Researchers looked at Markarian 501, a galaxy 456 million light years away, which emits what is known as a blazar – a powerful jet that is especially bright to us because it points towards Earth.

They analysed data from NASA’s Imaging X-Ray Polarimetry Explorer, or IXPE, which launched last December, along with observations from a range of other telescopes in space and on the ground.

The satellite, a collaboration between NASA and the Italian Space Agency, for the first time can measure the polarisation of X-ray light in space – that is, it can measure the average direction and intensity of the electric field of light waves that make up X-rays. This information is not accessible to telescopes on Earth because the atmosphere absorbs X-rays from space.

Co-author Professor Silvia Zane, who is part of the IXPE science team along with Professor Kinwah Wu (both UCL Mullard Space Science Laboratory), explained: “We were able to discard the different models one by one – the model that was left was the simplest. It’s a beautiful example of a symmetrical structure, a textbook example.”

Dr Yannis Liodakis, lead author of the study and astronomer at FINCA, the Finnish Centre for Astronomy with ESO, said: “This is a 40-year-old mystery that we’ve solved. We finally had all of the pieces of the puzzle, and the picture they made was clear.”

In addition to data from IXPE, which observed Markarian 501 for three days in early March, and then again two weeks later, the astronomers used other telescopes in space and on the ground to gather information about the blazar in a wide range of wavelengths of light including radio, optical, and X-ray.

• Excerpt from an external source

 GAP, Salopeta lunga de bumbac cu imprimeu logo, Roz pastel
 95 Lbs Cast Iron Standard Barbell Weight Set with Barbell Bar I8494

While other studies have looked at the polarisation of lower-energy light from blazars in the past, this was the first time scientists could get this perspective on a blazar’s high-energy X-rays, which are emitted closer to the source of particle acceleration.

Scientists found that X-ray light was more polarised than optical, which was more polarised than radio. But the direction of the polarised light was the same for all the wavelengths of light observed and was also aligned with the jet’s direction.

After comparing their information with theoretical models, the team of astronomers realised that the data most closely matched a scenario in which a shock wave accelerates the jet particles. A shock wave is generated when something moves faster than the speed of sound of the surrounding material, such as when a supersonic jet flies by in our Earth’s atmosphere.

The study was not designed to investigate the origins of shock waves, which are still mysterious. But scientists hypothesize that a disturbance in the flow of the jet causes a section of it to become supersonic. This could result from high-energy particle collisions within the jet, or from abrupt pressure changes at the jet boundary.